What happened, though, Hughes described as ‘’the greatest heist in history’’. Ptolemy colluded with the head escort of the carriage, bribing him to divert the carriage south along the east Mediterranean coastline once it had reached Syria, instead of its planned route north to Babylon. Although it was no doubt a great heist, it was a very slow one (remember, 64 mules were pulling it, and they don’t move particularly quickly!). This gave Perdiccas chance to send a relief force to hurry after it. But once they reached Damascus, they met a force sent by Ptolemy, and were overpowered. Ptolemy proceeded to bury Alexander in 321-320 BCE in Memphis.

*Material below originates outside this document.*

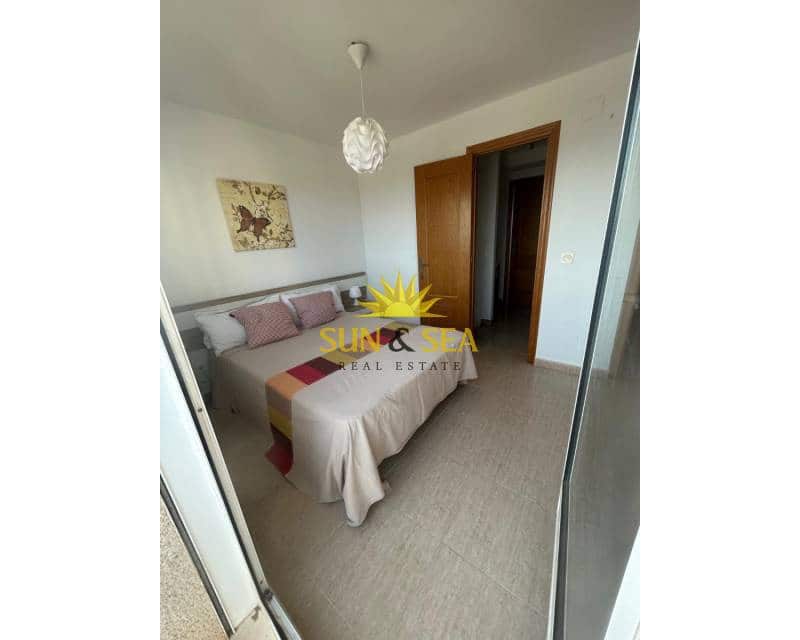 2 sovrum Lägenhet att hyra i La Manga del Mar Menor med pool - 800 € (Ref: 9329867)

Once Perdiccas and his army reached Pelusium, they attempted to cross the Nile but couldn’t because Ptolemy had sent forces there. Instead, they went down the eastern branch of the Nile until they reached Memphis. However, here, the Nile is deeper and the currents are stronger, which posed a difficulty for crossing. His goal was to reach an island on the river, but the current was too fast flowing for his army so he placed his elephants up the river, and his horses down the river, in order to reduce the speed of the current, and the horses caught any men who lost their footing as they crossed. It worked, and a few thousand reached the island! However, disaster wasn’t far away. All of the men’s moving feet and elephants hooves shifted the soil under the water, making the river deeper and the current faster: the river was no longer crossable.

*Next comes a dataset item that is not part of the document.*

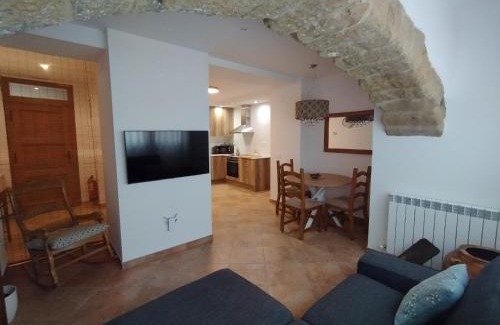 Adahuesca Appartement | Apartamento Rosellas, cerca de Alquézar, en Sierra de Guara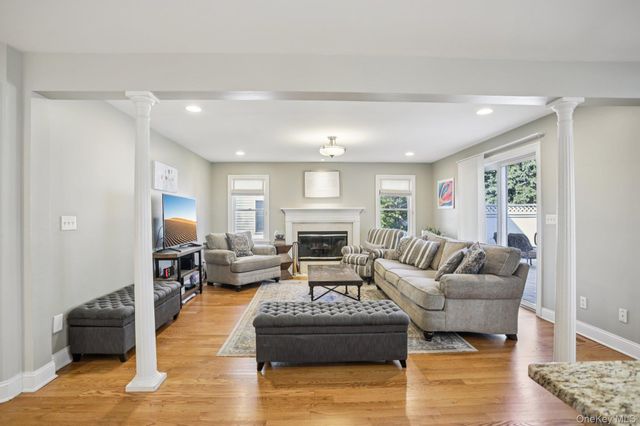 101 Middle Road, Eastchester, NY 10709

To make matters worse, Perdiccas saw a cloud of dust approaching and mistook it for Ptolemy’s army, and ordered his men to return from the island. Upon doing so, most either drowned or were eaten alive by crocodiles. Drowning or getting mauled to death by a crocodile is pretty bad, but matters worsened as a general is supposed to oversee the burial of his army, and it was now impossible to carry out the necessary burial rites that would allow the deceased to get into the afterlife. In anger, his remaining soldiers shifted their loyalties and abandoned him. So, Alexander’s body remained in Egypt, Ptolemy gained power and showed loyalty to Arrhidaeus after Perdiccas’ assassination, making temples for him in Egypt at Luxor that you can still see today.
Hughes concluded his very informative lecture by recounting one of his own trips to Saaqara, near Memphis, to see the Philosopher’s Circle, a place he thinks is likely to be the site of Alexander the Great’s tomb! The reason he thinks this is because there in the Egyptian sanctuary are Greek-looking statues of prominent Greek figures which Alexander himself admired, like Pinder, whose house is the only one he didn’t burn down when sacking Thebes in 335 BCE. More evidence to suggest that Alexander could be buried here is that in an excavation, statues of hellenistic lions and peacocks were found, animals which were rarely found in Egypt, but Alexander was a fan of them both.
Many thanks to Tristan for his fascinating lecture about an interesting yet often overlooked period of the Empire, and for taking us on a journey through the chaotic times following Alexander’s death, and briefly on a current search for his tomb!